## TASK DATA
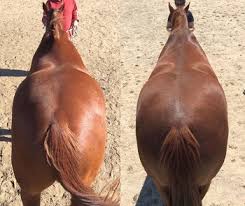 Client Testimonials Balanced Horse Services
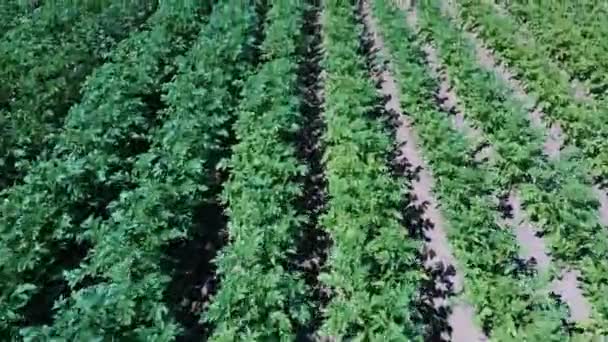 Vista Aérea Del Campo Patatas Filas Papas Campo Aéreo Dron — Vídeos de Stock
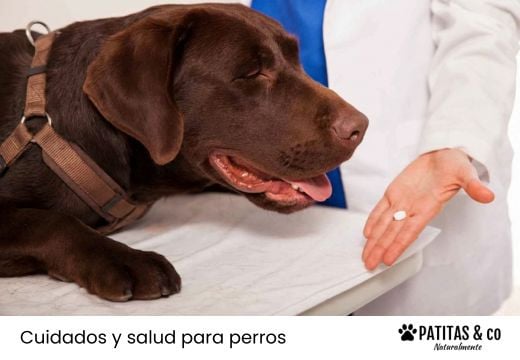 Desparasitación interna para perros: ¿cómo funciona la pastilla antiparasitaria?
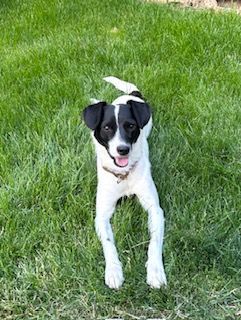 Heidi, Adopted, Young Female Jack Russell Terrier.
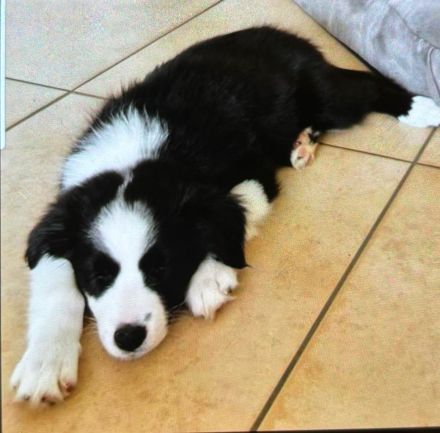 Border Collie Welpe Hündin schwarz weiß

## INSTRUCTIONS TO FOLLOW
Images in the data above are to be skipped. Retype all other material exactly.

## SOLUTION FOR THIS TASK
 Client Testimonials Balanced Horse Services
 Vista Aérea Del Campo Patatas Filas Papas Campo Aéreo Dron — Vídeos de Stock
 Desparasitación interna para perros: ¿cómo funciona la pastilla antiparasitaria?
 Heidi, Adopted, Young Female Jack Russell Terrier.
 Border Collie Welpe Hündin schwarz weiß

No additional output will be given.